Il Maestro Ciro Gerardo Petraroli, alias Yeros: un viaggiatore
“La musica è movimento se non ci fosse movimento, non ci sarebbe la musica. La musica stessa è un viaggiare in spazio-tempo, è percepire il viaggio, il movimento. È immergersi”
Ci sono viaggi dentro il viaggio, incontri inaspettati che ci conducono laddove non avremmo immaginato. Il mio incontro con il Maestro Ciro Gerardo Petraroli, alias Yeros è uno di questi. Il Maestro è una di quelle persone che ti siedono accanto in treno, in aereo, o che incontri, casualmente su un sentiero, per le quali istintivamente provi curiosità ed anche soggezione.
Eppure, come tutti i grandi, sa come prenderti per mano e con semplicità, condurti condividendo il suo sapere, la sua sensibilità di artista, regalando a piene mani, generosamente, la sua arte e la sua vita. Il Maestro è un artista, compositore, pianista e direttore d’orchestra, definito dalla critica “Mente eclettica con un’immagine ed una presenza magnetica” che ha dedicato la vita alla musica, la filosofia e l’esoterismo delle religioni.
Dopo una lunga carriera nella musica classica, nel 2014 ha creato un genere completamente nuovo che ha chiamato Darklassic, uno stile compositivo classico che integra sonorità tradizionali, suoni elettronici e ritmi etnici, i quali si fondono con concetti di filosofia mistica (Arte e Gnosi) in percezioni subliminali trascendenti.
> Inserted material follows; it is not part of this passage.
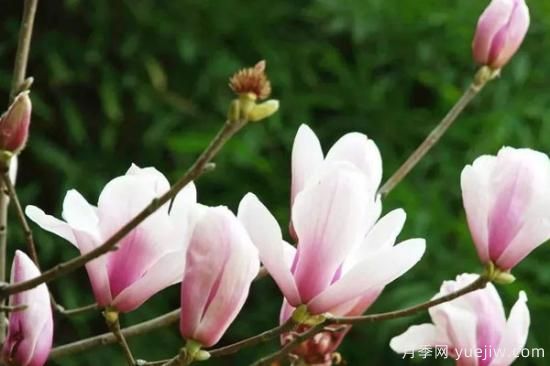 玉兰花的养殖方法和注意事项(图2) 玉兰花的养殖方法和注意事项(图2)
In questo modo la sua performance non è solo un concerto, ma anche un suggestivo spettacolo visivo, in cui non vi è solo l’Artista sul palco. Il pubblico viene catturato: l’atmosfera diviene misteriosa, trasportando il pubblico in luoghi nascosti e profondi della propria psiche, permettendogli di scrutare realtà e percorsi interiori metafisici.
Ha conseguito i suoi studi in vari conservatori internazionali, tra cui il Conservatorio Mozarteum di Salisburgo, il Conservatorio di Santa Cecilia a Roma ed il Conservatorio Niccolò Piccinni di Bari, dove il Maestro Nino Rota lo scelse fra tanti per il proprio corso di composizione.
Gli stili eclettici compositivi dimostrano la sua natura poliedrica: sinfonia per orchestra, concerti per pianoforte e orchestra, per violino e orchestra, sonate per pianoforte, musica da camera di stile 700, Lied e Romanze di puro lirismo, commenti musicali, colonne sonore in vari film francesi come Le Boulevard de Saint Michael del regista Anton Dumas, musiche per danza classica, musica sperimentale e Afro – Rock Zuuli con Dumhishan Damlini di Johannesburg e il grande musicista e compositore sudafricano Msomi Welcome.
Maestro Petraroli se dovesse tratteggiare una sorta di carta d’identità di sé stesso, cosa direbbe?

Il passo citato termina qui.